One of Wall Street’s most powerful activist investors has trained his sights on Sony for the second time in six years, sending shares in the Japanese conglomerate up on the prospect of a break-up.

Dan Loeb, the head of Third Point Capital, is planning to raise up to $1bn (£770m) to raise its stake in Sony and agitate for change, according to reports.

Mr Loeb waged a campaign for Sony to spin off its entertainment division in 2013, saying the business was under-appreciated and poorly managed compared to its electronics division.

After a three-month campaign, the company rejected the proposal, saying the entertertainment arm - which includes a movie studio and record label - was better off inside the company. Third Point sold its stake booking a 20pc profit.

In recent years, Sony’s shares have soared on the success of its PlayStation 4, but have fallen in recent months as the current generation of games consoles winds down. Last year it replaced its chief executive Kazuo Hirai with Kenichiro Yoshida, a veteran finance executive who has said he views entertainment as an important part of the company’s future.

According to Reuters, Mr Loeb believes that Sony’s movie studio could be a takeover target for Amazon or Netflix, both of which are spending billions investing in original films and TV shows.

Sony shares rose by 7.3pc in New York after the report.
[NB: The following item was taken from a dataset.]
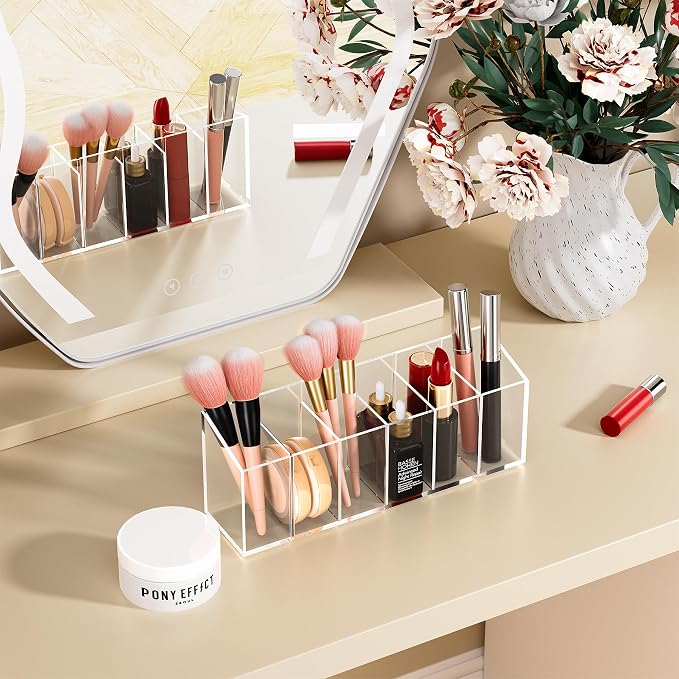 Acina 2PCS Clear Makeup Brush Holder Organizer Acrylic 3-Slots Cosmetic Brushes - Image 4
Third Point and Sony did not comment.

The Japanese company has been a major player in entertainment since the 1980s when it bought Columbia Pictures and CBS Records, hoping that owning both electronics such as the Walkman and the content that was played on them would prove fruitful. However, the company has fallen behind the likes of Apple in electronics, with its video game division becoming its highest earner.

Mr Loeb, who has become notorious for his brash activist style, engineered a management clear-out at Yahoo before selling Third Point’s stake for a $520m profit in 2013.